Sunday, April 4, 2010
I opted to use a different vantage because I didn't want to do the usual Marathon dam shot. I used this photograph for reference. It kind of looks wonky architecturally in the comic but so it does in the reference too, perhaps it wasn't such a good idea to use unreal-looking reference but it did suit my purposes on a few higher levels. One is that is gives the page a nice overall construction, panel segments slotted into natural divisors. The other is that I wanted to place the monologue of Stephan on top of the pillar that supports the bridge because his doubts are shaking up the foundation of the relationship between the two of them. The black/white contrast between them in the establishing shot is a further indication of distance, of the here and the beyond. I don't expect anyone reader to read my comic and go "oh, the doubts are over the foundation of their relationship, nice!" because I think these things work best - and are most worth it - when they leave a subconscious mark. I only mention such here because I know that some readers enjoy post-analysis of an the art as a separate joy to actually reading the comic.
Marathon's already looking better, by the way.
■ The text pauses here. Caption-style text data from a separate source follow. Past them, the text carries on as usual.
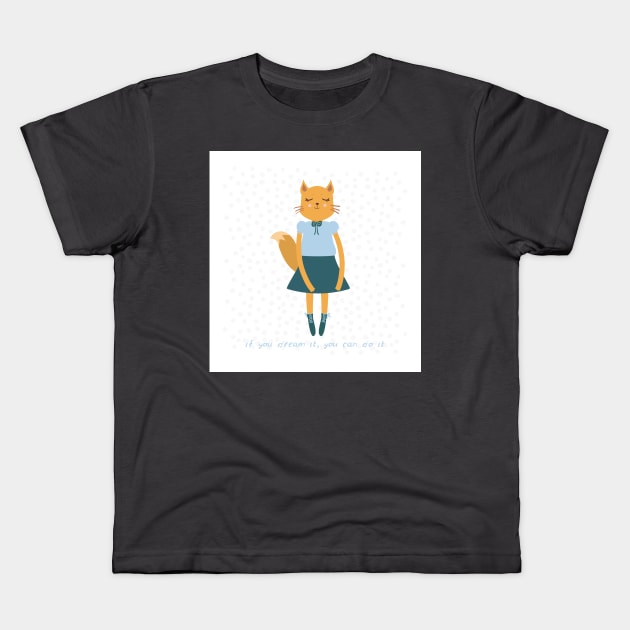 Fox Girl in Dress. If you dream it, you can do it Kids T-Shirt by EkaterinaP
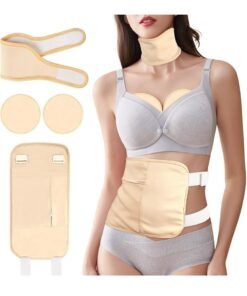 XiuWoo 4 Piece Reusable Organic Castor Oil Packs Castor Oil Pack Wrap Made of Organic Cotton with Adjustable Elastic Strap Machine Washable Anti Oil Leak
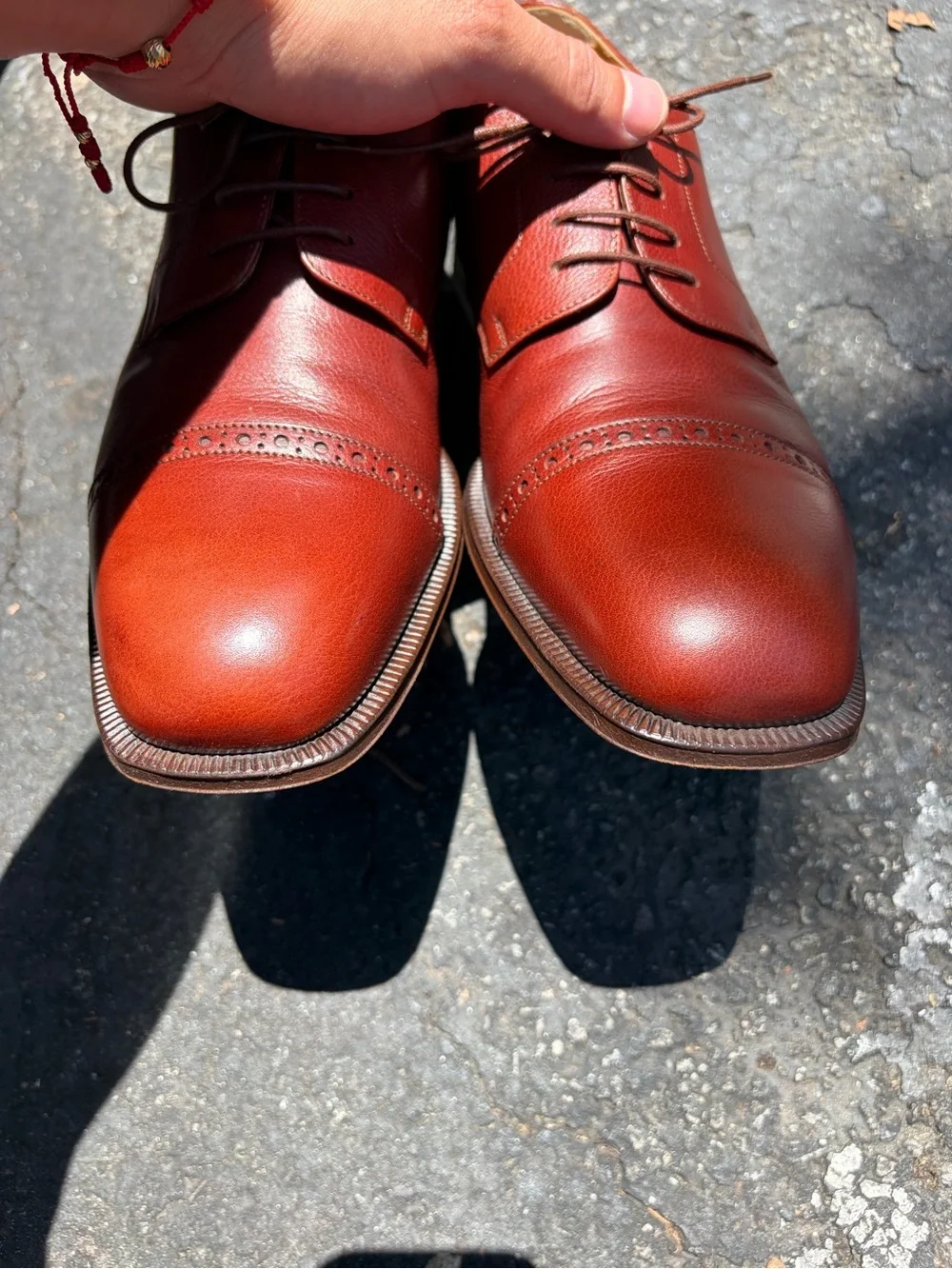 Men's Santoni Classic Cap-Toe Leather Dress Shoes - Brown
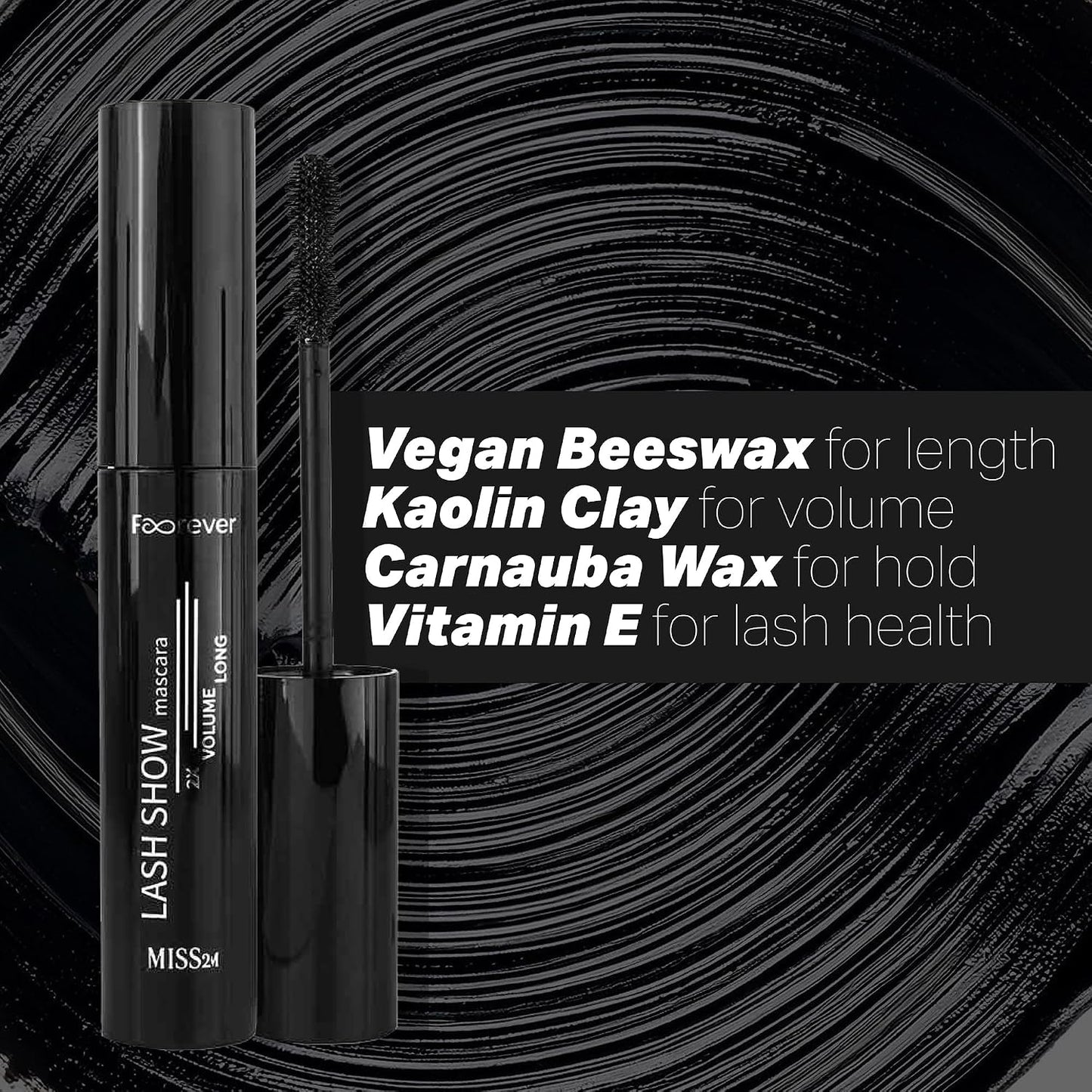 Washable Mascara for 2X Volume & Length - Wide-Eyed Fan Effect, Hourglass Brush | 0.34 Fl Oz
I mean after we burned it down last summer. My friend Vasilis showed up out of the blue and gave me a ride over there, it was a very pleasant afternoon. I dreaded going back because of the summer fires but it seems the green is back at least. The trees will take a while. Possible dam walkers are invited back, I guess. I wonder if we'll burn it again this summer.
Next couple of pages end this story. I'll try to post them both at the same time (if not on next Monday then certainly a couple of days later) so as to not diminish the impact of the finale. Then it's revisions on the art and a cover left to do. I'm not looking forward to trying to shop this around but in the same time, I am, if that makes sense. The comic certainly feels as if it's over already for me even though I haven't drawn the next two pages. It's over in my brain and in my heart. Drawing the last bits and then fixing the badly drawn bits before them is just routine housekeeping now. What's strange (strange? perhaps not so much) is that it has brought some psychological issues on the surface it seems I have to tackle directly soon. I guess it's a good thing if your art surprises you, right?